The 2022 bill that was signed into law by Gov. DeSantis includes a provision that requires flood insurance for most personal lines Citizens policies, regardless of flood zone or flood risk. The Citizens law takes a phased-in approach. The first phase of the new Citizens law will require all households with a new Citizens policy located in a high-risk zone according to FEMA flood maps to purchase a flood insurance policy starting in April 2023. Property in a high-risk zone currently insured by Citizens must purchase flood insurance by their renewal starting June 2023. All other risks have a phased-in approach:
Regardless of how Florida homeowners may feel about the new law, it is a giant step forward in helping Florida homeowners become more resilient against the peril of flood. Considering Citizens has over 1.3 million policyholders, that means that 30% of Florida homeowners would have flood insurance by 2027 when the phase-in timeline is complete. Even though some argue that 100% of Floridian homeowners should be covered for flood risk, an 11% increase of flood policies in a four-to-five-year timeframe would be a major accomplishment.

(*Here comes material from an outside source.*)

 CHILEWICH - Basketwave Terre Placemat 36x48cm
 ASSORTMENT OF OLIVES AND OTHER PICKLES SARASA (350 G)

No matter how the discussions around mandatory purchase are framed, one thing is clear: mandatory purchase requirements have covered flood losses that would have otherwise been uninsured. Hurricane Ian, which struck Florida in September 2022, was the third-costliest weather disaster in the world, according to the National Oceanic and Atmospheric Administration. According to CoreLogic, the estimated uninsured flood losses from Hurricane Ian will be about $17 billion. In turn, these uninsured losses end up being funded by taxpayers through congressional appropriations and FEMA disaster funding. While the new Citizens requirement won’t fix the problem of uninsured flood losses, it’s the first step to insure more households and bring awareness to the issue.
As the nation watches the number of active flood insurance policies increase in Florida, they will also witness less suffering by insureds, which translates to fewer post-storm interviewees lamenting the uninsured flood losses they are faced with. Hopefully with increased participation and awareness of the critical role that flood insurance plays, the U.S. could become a country where the uninsured losses from a flood disaster become a footnote rather than the headline.